Pour rendre compte de ce fait étonnant, le chercheur [9] convoque le concept darwinien d’adaptation de l’homme à son milieu : « Tout être social se doit de différencicer et de reconnaître les membres de son groupe et, pour l’être humain, le visage est le signe distinctif le plus apte à tenir ce rôle [10] ».
Mais ce fait mérite aussi d’être interprété philosophiquement. La dichotomie cérébrale des deux formes de mémoire est comme la traduction (et la confirmation) de la dualité réelle des choses et de l’esprit, des réalités naturelles et de l’homme. Il est inscrit dans l’encéphale humain qu’il ne peut traiter la personne comme un objet. Plus encore, c’est le visage qui est le révélateur, le signe de cette humanité de l’autre homme.

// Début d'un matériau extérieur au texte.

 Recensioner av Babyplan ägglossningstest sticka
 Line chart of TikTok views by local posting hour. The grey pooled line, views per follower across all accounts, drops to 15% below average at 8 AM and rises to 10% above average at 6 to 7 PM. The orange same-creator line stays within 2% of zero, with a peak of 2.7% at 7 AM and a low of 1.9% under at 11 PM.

Comment ne point songer à la distinction que Martin Buber faisait entre la relation Je-Cela (la relation aux objets) et la relation Je-Tu (la relation intersubjective) [11], ou à la thèse levinassienne selon laquelle autrui se révèle à nous par son visage ?
« La manière dont se présente l’Autre, dépassant l’idée de l’Autre en moi, nous l’appelons, en effet, visage. Cette façon ne consiste pas à figurer comme thème sous mon regard ; à s’étaler comme un ensemble de qualités formant une image. Le visage d’Autrui détruit à tout moment, et déborde l’image plastique qu’il me laisse, l’idée à ma mesure […] l’idée adéquate [12] ».
Pascal Ide
[1] Cf. Justine Sergent, « La mémoire des visages », La Recherche, n° spécial sur la Mémoire, 267 (juillet-août 1994), p. 792-797.
[2] Ibid., p. 792.
[3] Est-il révélateur du naturalisme qui traite l’homme comme une chose ?
[4] Ibid., p. 793
[5] Cf. Ibid., p. 794.
[6] Cf. Ibid., p. 795 et 796.
[7] Ibid., p. 797.
[8] Ibid.,
[9] Relevons aussi sans surprise que l’auteur identifie de manière positiviste « esprit rationnel » et discours scientifique.
[10] Ibid., p. 793
[11] Cf. Martin Buber, Je et Tu, in La vie en dialogue, trad. Jean Loewenson-Lavi, coll. « Philosophie de l’esprit », Paris, Aubier, 1959.
[12] Emmanuel Levinas, Totalité et infini. Essai sur l’extériorité, La Haye, Martinus Nijhoff, 1971, p. 21.